I have a light that I want to come on when I reach a certain deceleration level or the external trigger, measured using the pulse from my speedo. External trigger works its the speedo side thats the problem. My code is below but have not got it functioning, any help would be good. Thank you
const int pulsePin = 2; // Pulse input pin
const int relayPin = 3; // Relay control pin
const int externalTriggerPin = 4; // External trigger pin
volatile unsigned long lastPulseTime = 0;
volatile unsigned long pulseInterval = 0;
unsigned long lastCheckTime = 0;
unsigned long checkInterval = 100; // Check every 100ms
float currentFrequency = 0;
float previousFrequency = 0;
float decelerationRate = 0;
bool relayActivated = false;
bool externalTriggerActive = false;
void setup() {
pinMode(pulsePin, INPUT);
pinMode(relayPin, OUTPUT);
pinMode(externalTriggerPin, INPUT);
attachInterrupt(digitalPinToInterrupt(pulsePin), pulseISR, FALLING);
Serial.begin(9600);
}
void loop() {
unsigned long currentTime = millis();
if (digitalRead(externalTriggerPin) == HIGH){
externalTriggerActive = true;
} else {
externalTriggerActive = false;
}
if (currentTime - lastCheckTime >= checkInterval) {
lastCheckTime = currentTime;
if (pulseInterval > 0) {
currentFrequency = (pulseInterval * 1000); // multiplied to give finer tuning
} else {
currentFrequency = 0;
}
decelerationRate = previousFrequency - currentFrequency;
previousFrequency = currentFrequency;
float threshold = 500; // Adjust as needed to change amount of deceleration
bool decelerationCondition = (decelerationRate > threshold);
if (externalTriggerActive || decelerationCondition) {
if (!relayActivated) {
// Pulse the relay 4 times in 4 seconds
for (int i = 0; i < 4; i++) {
digitalWrite(relayPin, HIGH);
delay(900); // 0.7 seconds on
digitalWrite(relayPin, LOW);
delay(100); // 0.3 seconds off
}
// Keep the relay on after pulsing
digitalWrite(relayPin, HIGH);
relayActivated = true;
}
} else {
if (relayActivated) {
relayActivated = false;
digitalWrite(relayPin, LOW); // Deactivate relay
}
else
relayActivated = false;
digitalWrite(relayPin, LOW); // Deactivate relay
}
// Debugging output
Serial.print("Current Frequency: ");
Serial.print(currentFrequency);
Serial.print(" Hz, Deceleration Rate: ");
Serial.print(decelerationRate);
Serial.print(" Hz, Threshold: ");
Serial.println(threshold);
}
}
void pulseISR() {
unsigned long currentTime = millis();
pulseInterval = currentTime - lastPulseTime;
lastPulseTime = currentTime;
}
I suspect that this gets you into trouble, since you only look at the previous speed.

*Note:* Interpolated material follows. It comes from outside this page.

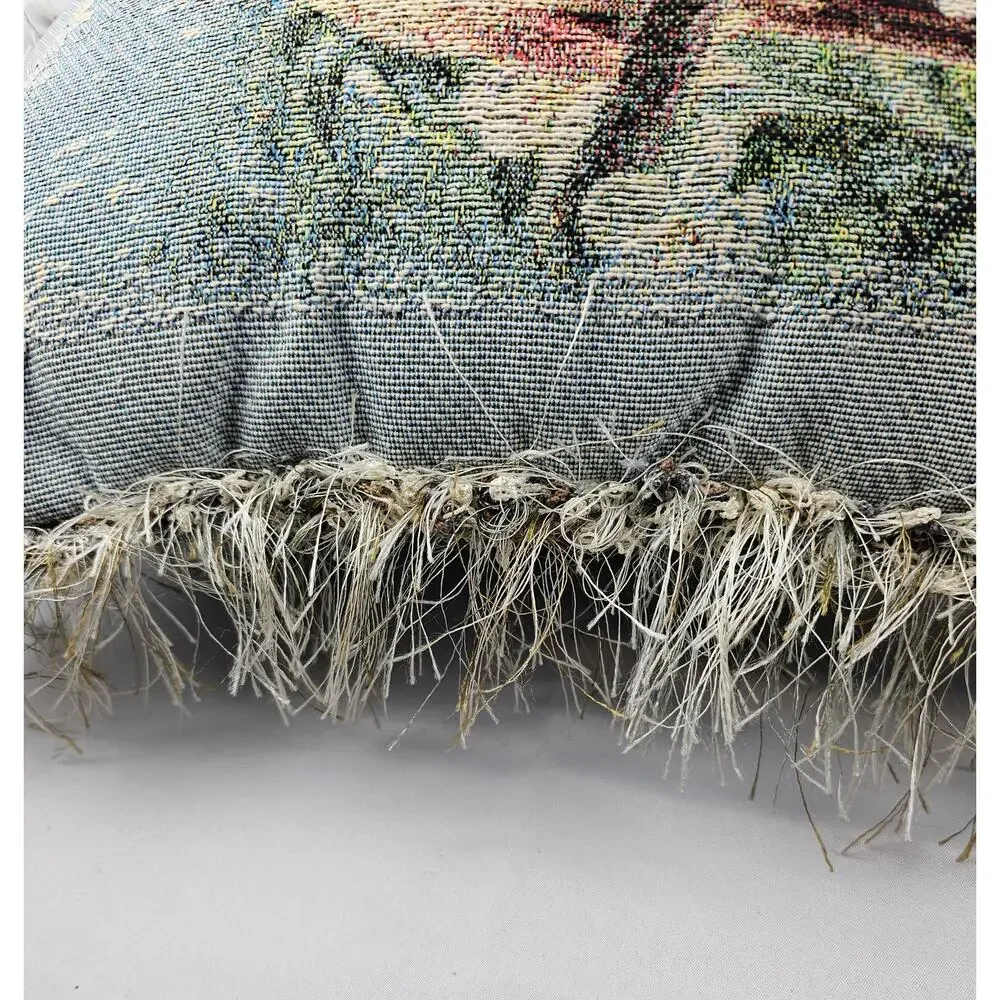 Gorgeous Tapestry Throw Pillow Features Winter Scene w/ 2‎ Cardinals on a branch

Comparing one speed to another theoretically would allow you to determine if there's acceleration or deceleration. But this only works if the speed readings are perfect. In practice, they will likely jitter, especially at constant speed, which will involve slightly fluctuating readings.
So I'd recommend you convert your sketch so that it only detects deceleration if there's a series of readings that show a pattern of deceleration. You'll have to determine empirically how long this series (i.e. how many readings) it will need to be, and how many 'false positives' are permissible in such a series.

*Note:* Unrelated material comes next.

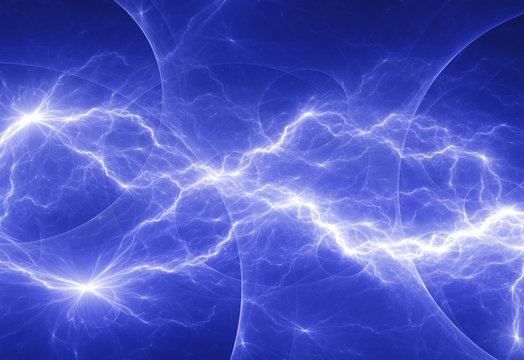 Blue fantasy lightning bold, abstract electrical background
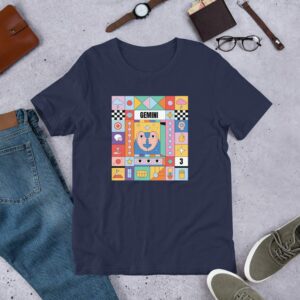 Gemini Colorful Zodiac Sign Unisex t-shirt - unisex staple t shirt navy front f ed - Shujaa Designs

I've started testing your code on an Arduino Uno R3.
I implemented the modification suggested by PaulRB in post #3.
I fed the output of a function generator into pin 2.
Two things became immediately obvious:
You take a reading every 100ms, but the serial monitor is taking more than 80ms to print the results at 9600Bd.

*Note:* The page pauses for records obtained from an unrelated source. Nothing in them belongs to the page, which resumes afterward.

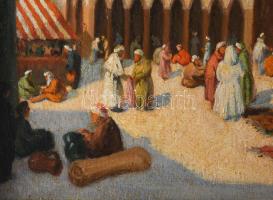 Pázmán József (1910-1991): Arab utcakép. Olaj, vászon, jelzett, keretben, 50×40 cm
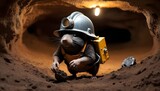 A Mole With A Miners Helmet Exploring Underground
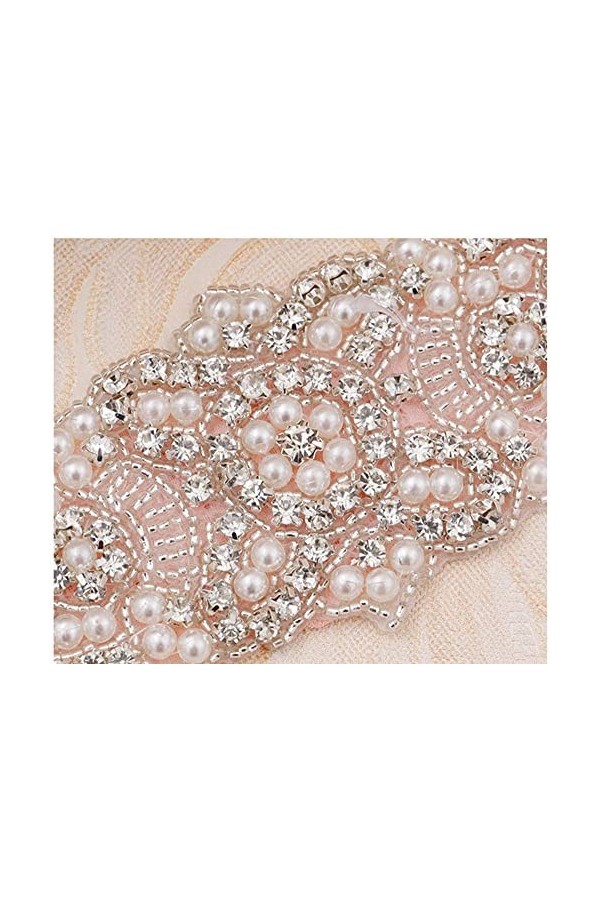 TONZN Jarretière sexy en dentelle élastique avec nœud pour femme, jarretière en dentelle extensible haut de gamme avec strass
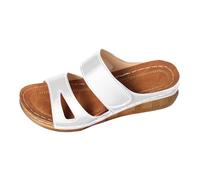 Générique sandales femme été confortable Sandales double bride élégantes et confortables pour femmes, idéales pour les sorties décontractées. Ballerines Femmes Habillées (White, 36)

When feeding a constant frequency into the Arduino, the frequency reported varies due to the millis count of the period varying by ±1ms.
e.g. at 50Hz input frequency, the reported frequency is 52.63Hz, 50Hz, or 47.62Hz depending on whether the millis count is 19, 20 or 21.
The error in the frequency measurement gets worse as the frequency gets higher. At 500Hz input frequency , the reported frequency can be 333.33Hz, 500Hz, or 1000Hz.
volatile unsigned long lastPulseTime = 0;
volatile unsigned long pulseInterval = 0;
but that's only half the trouble with variables used in an ISR.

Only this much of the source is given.